Provided entries:
^^^^

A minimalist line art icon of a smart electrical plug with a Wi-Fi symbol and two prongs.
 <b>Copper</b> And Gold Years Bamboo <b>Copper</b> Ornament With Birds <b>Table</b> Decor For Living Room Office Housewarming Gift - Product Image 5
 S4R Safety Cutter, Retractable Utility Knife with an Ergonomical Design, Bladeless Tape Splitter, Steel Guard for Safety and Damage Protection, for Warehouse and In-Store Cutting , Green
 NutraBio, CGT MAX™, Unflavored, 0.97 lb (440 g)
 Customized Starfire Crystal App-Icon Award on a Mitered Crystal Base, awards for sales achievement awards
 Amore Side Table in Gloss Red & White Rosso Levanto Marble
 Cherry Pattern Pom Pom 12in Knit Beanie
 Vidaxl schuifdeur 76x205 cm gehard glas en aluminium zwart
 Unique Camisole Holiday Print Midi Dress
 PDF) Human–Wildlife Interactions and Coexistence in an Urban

^^^^

Work request: From the first line to the last, return the records unchanged.

Result:
A minimalist line art icon of a smart electrical plug with a Wi-Fi symbol and two prongs.
 <b>Copper</b> And Gold Years Bamboo <b>Copper</b> Ornament With Birds <b>Table</b> Decor For Living Room Office Housewarming Gift - Product Image 5
 S4R Safety Cutter, Retractable Utility Knife with an Ergonomical Design, Bladeless Tape Splitter, Steel Guard for Safety and Damage Protection, for Warehouse and In-Store Cutting , Green
 NutraBio, CGT MAX™, Unflavored, 0.97 lb (440 g)
 Customized Starfire Crystal App-Icon Award on a Mitered Crystal Base, awards for sales achievement awards
 Amore Side Table in Gloss Red & White Rosso Levanto Marble
 Cherry Pattern Pom Pom 12in Knit Beanie
 Vidaxl schuifdeur 76x205 cm gehard glas en aluminium zwart
 Unique Camisole Holiday Print Midi Dress
 PDF) Human–Wildlife Interactions and Coexistence in an Urban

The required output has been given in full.